Ancienne ministre des Sports de 1997 à 2002, députée de la 4e circonscription de Seine-Saint-Denis, Marie-George Buffet se bat toujours avec force et conviction sur les sujets de société. À la veille de la journée internationale des droits des femmes, elle évoque son combat pour la présence d’une délégation féminine afghane aux J.O. de Paris 2024, au relai d’une pétition en ligne ici.

En quoi la politique des Talibans qui consiste à interdire toute activité sportive aux femmes est-elle symbolique ?
Car c’est tout un symbole que l’une des premières décisions des Talibans ait été d’interdire la pratique sportive aux femmes. Cela donne à voir la place du sport dans l’épanouissement de chaque individu, femmes et hommes, dans son rapport au corps, dans sa pratique sportive, dans son rapport aux autres. Que les Talibans aient comme symbole le renfermement des femmes, cela appelle à une mobilisation pour au contraire réaffirmer que le sport est un droit pour tous et pour toutes les femmes, un droit auxquelles les femmes doivent accéder de par le monde.

Quel rôle peut jouer le Comité International Olympique pour faire infléchir les décisions des Talibans ?
Ces derniers jours le CIO et différentes fédérations internationales ont, en réaction à la guerre faite par Poutine au peuple ukrainien, pris des décisions concernant le mouvement sportif. Si le CIO disait haut et fort que les pays qui n’acceptent pas la pratique sportive pour les femmes, qui ne respectent pas la charte olympique, ils ne sont pas en capacité de participer aux grandes compétitions sportives tels que les Jeux olympiques. Je pense que ce serait un moyen de pression extrêmement important envers ces États. Le CIO ne peut pas une fois faire pression et une autre fois fermer les yeux. Le CIO a des outils pour se faire entendre.

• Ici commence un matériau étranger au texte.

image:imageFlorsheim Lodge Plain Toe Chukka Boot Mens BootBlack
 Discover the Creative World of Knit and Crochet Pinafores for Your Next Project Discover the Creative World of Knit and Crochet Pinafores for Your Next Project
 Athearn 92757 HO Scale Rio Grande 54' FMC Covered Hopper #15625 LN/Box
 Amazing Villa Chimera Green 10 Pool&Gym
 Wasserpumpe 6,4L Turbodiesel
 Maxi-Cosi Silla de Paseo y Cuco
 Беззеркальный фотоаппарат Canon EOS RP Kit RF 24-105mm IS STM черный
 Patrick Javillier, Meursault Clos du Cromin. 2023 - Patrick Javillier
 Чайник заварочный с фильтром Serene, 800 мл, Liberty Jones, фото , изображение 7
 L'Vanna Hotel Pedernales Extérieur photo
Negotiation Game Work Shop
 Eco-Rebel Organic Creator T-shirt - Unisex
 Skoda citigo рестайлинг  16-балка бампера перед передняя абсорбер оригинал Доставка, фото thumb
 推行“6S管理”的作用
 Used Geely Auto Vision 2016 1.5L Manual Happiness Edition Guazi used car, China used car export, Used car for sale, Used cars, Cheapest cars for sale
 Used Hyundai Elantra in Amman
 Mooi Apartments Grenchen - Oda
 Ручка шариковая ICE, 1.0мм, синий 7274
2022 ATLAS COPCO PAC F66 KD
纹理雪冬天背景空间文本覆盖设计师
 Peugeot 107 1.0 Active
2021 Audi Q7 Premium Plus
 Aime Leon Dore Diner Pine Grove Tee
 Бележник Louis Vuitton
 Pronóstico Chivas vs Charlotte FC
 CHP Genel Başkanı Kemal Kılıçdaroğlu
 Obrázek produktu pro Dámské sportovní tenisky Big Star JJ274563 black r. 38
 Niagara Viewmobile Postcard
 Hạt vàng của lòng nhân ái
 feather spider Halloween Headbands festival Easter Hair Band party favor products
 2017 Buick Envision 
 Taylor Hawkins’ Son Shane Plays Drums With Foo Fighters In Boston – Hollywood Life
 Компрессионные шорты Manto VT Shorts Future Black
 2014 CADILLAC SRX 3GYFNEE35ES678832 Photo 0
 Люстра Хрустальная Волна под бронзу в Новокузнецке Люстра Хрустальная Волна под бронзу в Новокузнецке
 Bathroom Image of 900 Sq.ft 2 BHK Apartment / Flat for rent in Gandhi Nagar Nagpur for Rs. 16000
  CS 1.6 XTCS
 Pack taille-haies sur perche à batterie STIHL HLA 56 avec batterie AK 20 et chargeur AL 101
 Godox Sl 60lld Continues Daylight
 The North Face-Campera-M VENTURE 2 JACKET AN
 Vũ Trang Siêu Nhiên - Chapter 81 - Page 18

Le comité d’organisation des Jeux olympiques de Paris 2024 et plus largement l’État français ont-ils aussi un rôle important à jouer ?
Je le pense énormément. À chaque fois que je me suis adressée au président de la République et au ministre de l’Europe et des Affaires étrangères, ils m’ont chacun répondu que bien sûr la question des femmes afghanes les préoccupait énormément. J’ai déposé, auprès du ministère de l’Europe et des Affaires étrangères, des dossiers de femmes afghanes menacées parce qu’elles sont sportives, notamment des footballeuses et des joueuses de l’équipe féminine de handball, avec les noms et les coordonnées nécessaires. Pour l’instant, la France n’arrive plus à faire sortir des réfugiés d’Afghanistan et là aussi il ne faut pas lâcher. Il faut que la France déclare que si cela n’évolue pas en Afghanistan d’ici aux Jeux olympiques de 2024, et bien elle ne souhaitera pas la présence d’une délégation afghane aux J.O.

Ne craignez-vous pas que demain la journée internationale des droits des femmes soit en partie éclipsée par l’actualité dramatique en Ukraine ?
L’actualité est bien sûr terrible avec la guerre en Ukraine mais les femmes restent mobilisées pour obtenir de nouveaux droits et de nouveaux acquis. Je pense que cette journée du 8 mars sera une journée forte. D’autres combats, telles que les violences faites aux femmes, sont à mener. En France, il y a aussi la question de l’égalité salariale avec encore aujourd’hui un écart de plus de 16 % entre les hommes et les femmes. Je débuterai la journée à la Maison du sport français (Cnosf) pour soutenir une initiative pour plus de mixité dans les instances. En fin de journée, à la Courneuve, je participerai à un échange, avec différentes championnes, sur la pratique féminine dans le sport. Ce mardi 8 mars sera bien une journée de mobilisation.